======== The records ========

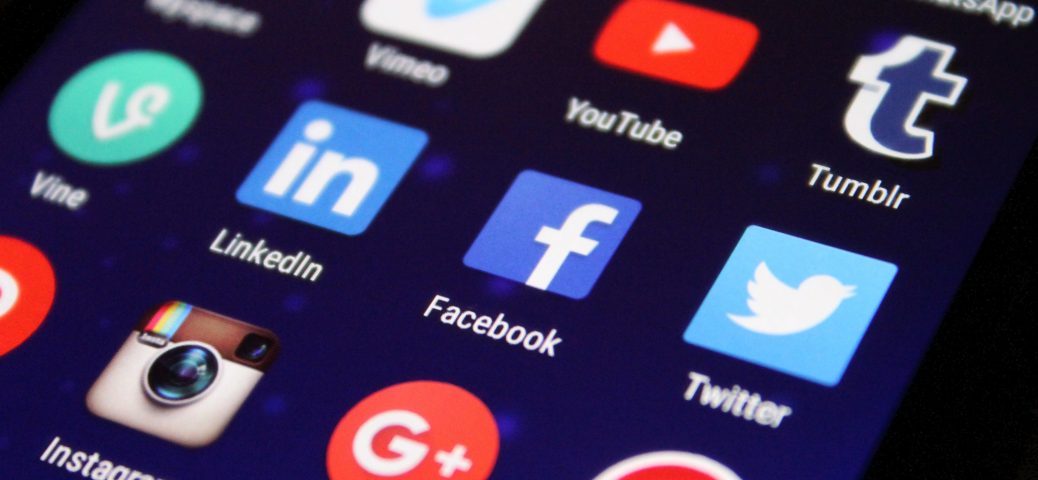 Redes sociais: ruim com elas, pior sem elas?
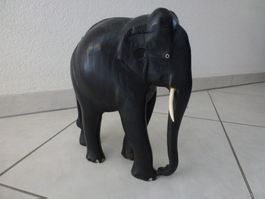 Eléphant en bois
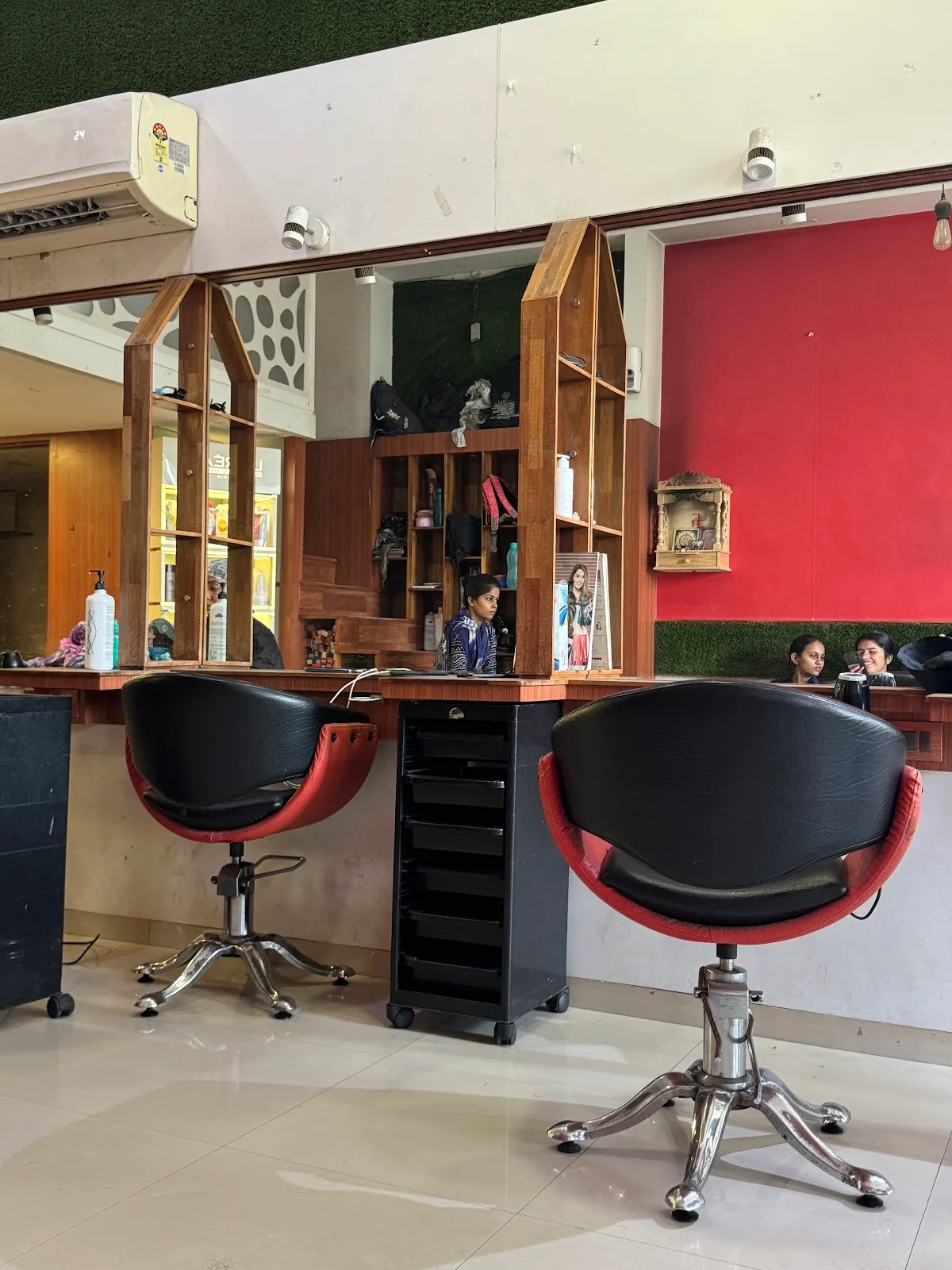 Blush & Blow Salon - Ladies Only
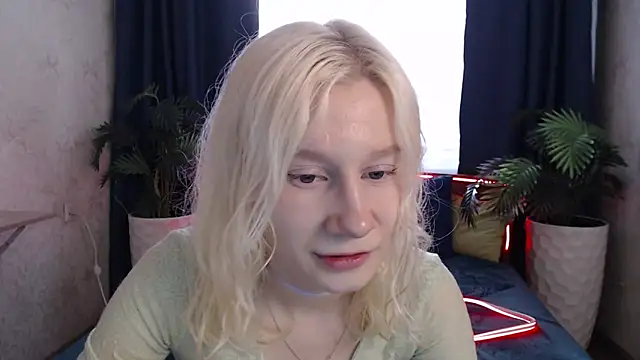 EnigmaSee online show from 03-30-26, 02:01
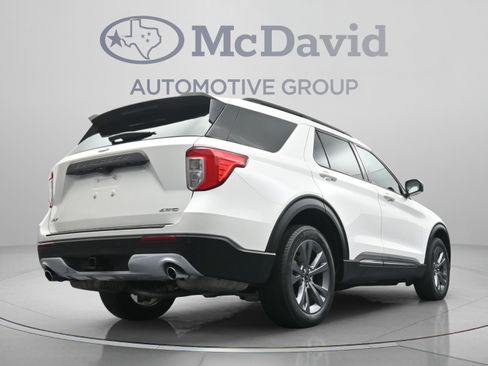 Used 2023 Ford Explorer XLT w/ Equipment Group 202A AWD/4WD image 31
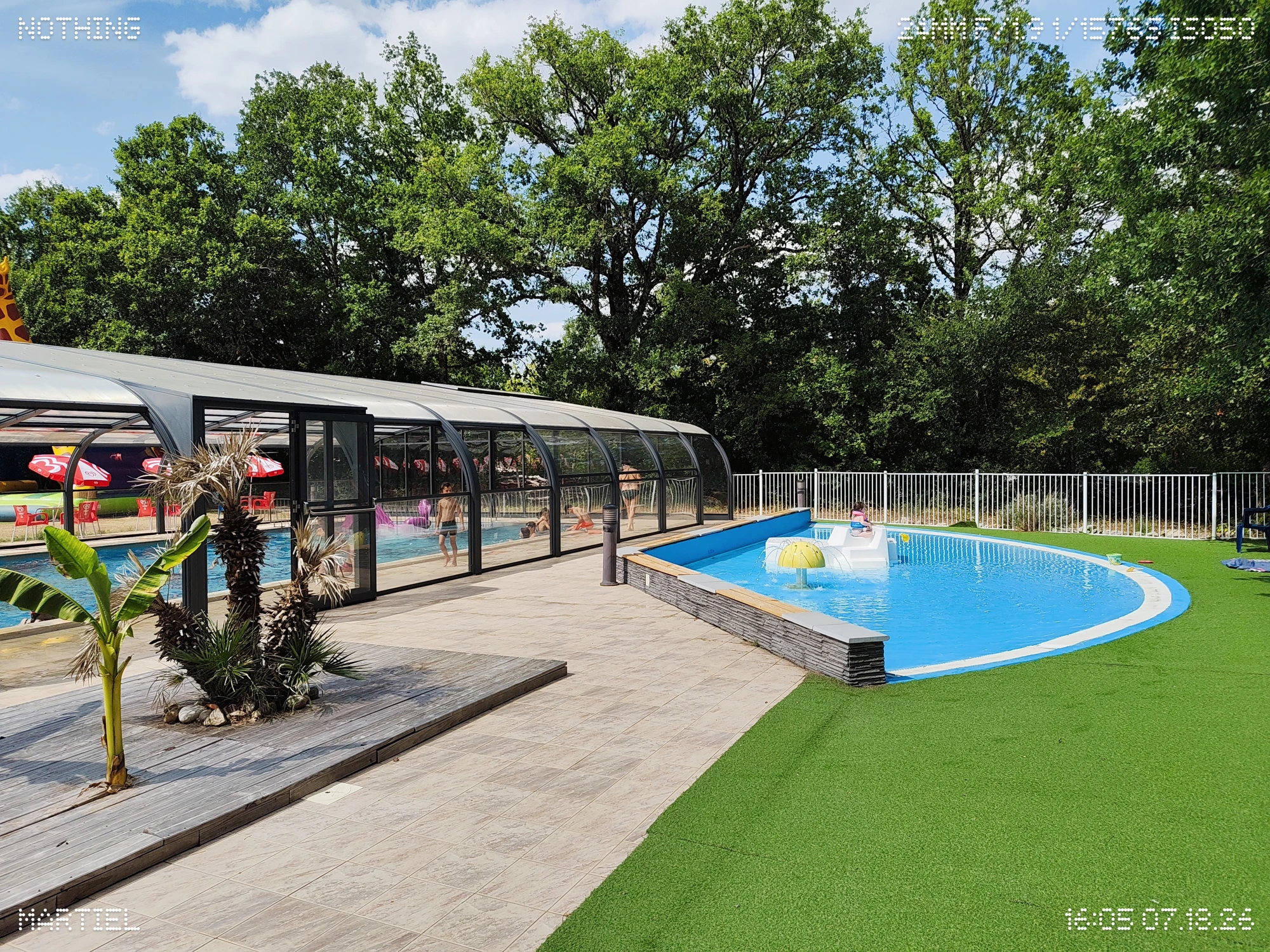 L'espace aquatique du camping Le Lac aux Oiseaux : piscine couverte et pataugeoire à Martiel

========

An acceptable answer consists of the lines above from the one holding "EnigmaSee online show from 03-30-26, 02:01" to the end of the data, repeated exactly and containing no pictures.

> _Result of the exercise_
 EnigmaSee online show from 03-30-26, 02:01
 Used 2023 Ford Explorer XLT w/ Equipment Group 202A AWD/4WD image 31
 L'espace aquatique du camping Le Lac aux Oiseaux : piscine couverte et pataugeoire à Martiel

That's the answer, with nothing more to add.